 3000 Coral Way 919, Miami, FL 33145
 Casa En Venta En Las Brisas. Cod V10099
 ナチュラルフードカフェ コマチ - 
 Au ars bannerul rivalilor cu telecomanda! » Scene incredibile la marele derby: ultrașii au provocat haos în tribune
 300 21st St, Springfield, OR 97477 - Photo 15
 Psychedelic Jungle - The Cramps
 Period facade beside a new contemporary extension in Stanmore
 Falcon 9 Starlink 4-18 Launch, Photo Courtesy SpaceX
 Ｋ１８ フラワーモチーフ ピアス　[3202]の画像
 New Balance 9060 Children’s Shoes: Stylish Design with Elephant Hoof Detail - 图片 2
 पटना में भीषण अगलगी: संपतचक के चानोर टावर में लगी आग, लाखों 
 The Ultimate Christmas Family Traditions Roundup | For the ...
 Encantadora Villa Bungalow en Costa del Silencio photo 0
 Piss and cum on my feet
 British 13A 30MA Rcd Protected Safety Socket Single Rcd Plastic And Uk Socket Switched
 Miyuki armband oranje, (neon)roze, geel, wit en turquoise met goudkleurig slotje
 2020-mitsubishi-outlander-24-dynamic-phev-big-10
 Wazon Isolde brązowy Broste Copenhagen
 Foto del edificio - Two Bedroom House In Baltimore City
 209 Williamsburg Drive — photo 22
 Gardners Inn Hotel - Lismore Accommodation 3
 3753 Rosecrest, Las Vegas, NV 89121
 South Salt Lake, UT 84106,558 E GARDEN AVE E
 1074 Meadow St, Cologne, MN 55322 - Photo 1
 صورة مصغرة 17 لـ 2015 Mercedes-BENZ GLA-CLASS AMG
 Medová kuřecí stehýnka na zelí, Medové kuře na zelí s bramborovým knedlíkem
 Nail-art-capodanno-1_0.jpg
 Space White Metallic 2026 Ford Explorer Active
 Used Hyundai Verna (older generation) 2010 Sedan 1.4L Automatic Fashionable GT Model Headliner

[YOUR INSTRUCTIONS]
Every single record is to be set down again, unaltered.

[SOLUTION FOR THIS PROBLEM]
 3000 Coral Way 919, Miami, FL 33145
 Casa En Venta En Las Brisas. Cod V10099
 ナチュラルフードカフェ コマチ - 
 Au ars bannerul rivalilor cu telecomanda! » Scene incredibile la marele derby: ultrașii au provocat haos în tribune
 300 21st St, Springfield, OR 97477 - Photo 15
 Psychedelic Jungle - The Cramps
 Period facade beside a new contemporary extension in Stanmore
 Falcon 9 Starlink 4-18 Launch, Photo Courtesy SpaceX
 Ｋ１８ フラワーモチーフ ピアス　[3202]の画像
 New Balance 9060 Children’s Shoes: Stylish Design with Elephant Hoof Detail - 图片 2
 पटना में भीषण अगलगी: संपतचक के चानोर टावर में लगी आग, लाखों 
 The Ultimate Christmas Family Traditions Roundup | For the ...
 Encantadora Villa Bungalow en Costa del Silencio photo 0
 Piss and cum on my feet
 British 13A 30MA Rcd Protected Safety Socket Single Rcd Plastic And Uk Socket Switched
 Miyuki armband oranje, (neon)roze, geel, wit en turquoise met goudkleurig slotje
 2020-mitsubishi-outlander-24-dynamic-phev-big-10
 Wazon Isolde brązowy Broste Copenhagen
 Foto del edificio - Two Bedroom House In Baltimore City
 209 Williamsburg Drive — photo 22
 Gardners Inn Hotel - Lismore Accommodation 3
 3753 Rosecrest, Las Vegas, NV 89121
 South Salt Lake, UT 84106,558 E GARDEN AVE E
 1074 Meadow St, Cologne, MN 55322 - Photo 1
 صورة مصغرة 17 لـ 2015 Mercedes-BENZ GLA-CLASS AMG
 Medová kuřecí stehýnka na zelí, Medové kuře na zelí s bramborovým knedlíkem
 Nail-art-capodanno-1_0.jpg
 Space White Metallic 2026 Ford Explorer Active
 Used Hyundai Verna (older generation) 2010 Sedan 1.4L Automatic Fashionable GT Model Headliner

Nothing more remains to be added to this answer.